■ Data segment:
- Opening Delimiter -
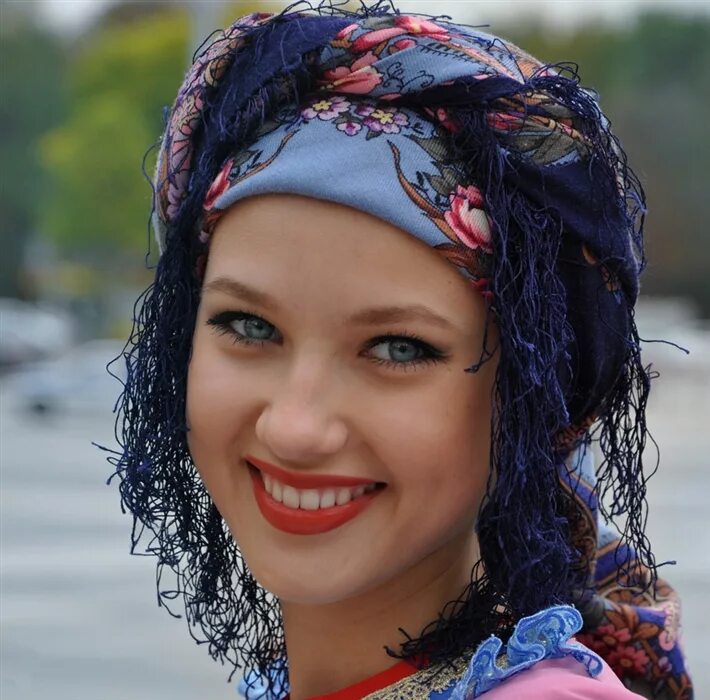 Зимняя фотосессия с лошадью. Глаза казачки. Павлопосадский платок славянка. Глаза казачки. Донская казачка внешность.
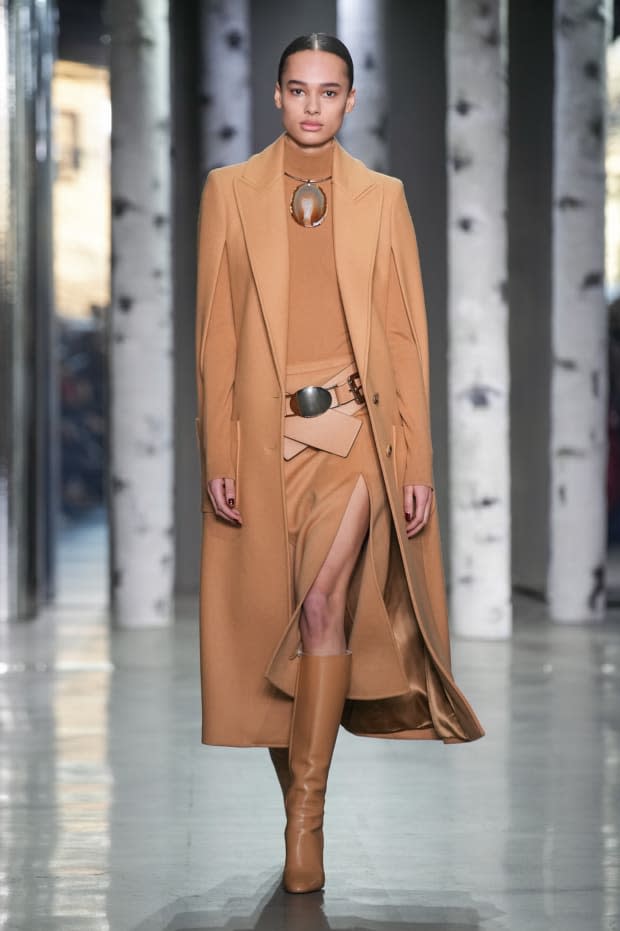 Michael Kors Leans Into the New Neutrals for Fall 2023 - Fashionista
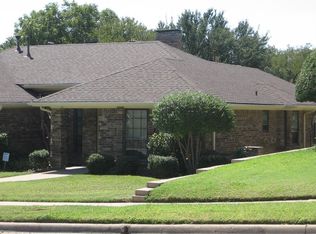 2817 Harpers Ferry Ln, Garland, TX 75043
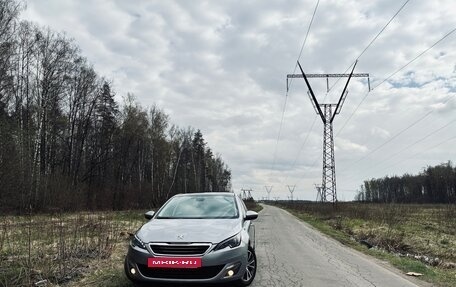 Peugeot 308 II, 2014 год, 1 290 000 рублей, 9 фотография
- Closing Delimiter -
■ Problem statement: Copy out the material above in full and exactly, but with no pictures.

■ Reply to the exercise:
 Зимняя фотосессия с лошадью. Глаза казачки. Павлопосадский платок славянка. Глаза казачки. Донская казачка внешность.
 Michael Kors Leans Into the New Neutrals for Fall 2023 - Fashionista
 2817 Harpers Ferry Ln, Garland, TX 75043
 Peugeot 308 II, 2014 год, 1 290 000 рублей, 9 фотография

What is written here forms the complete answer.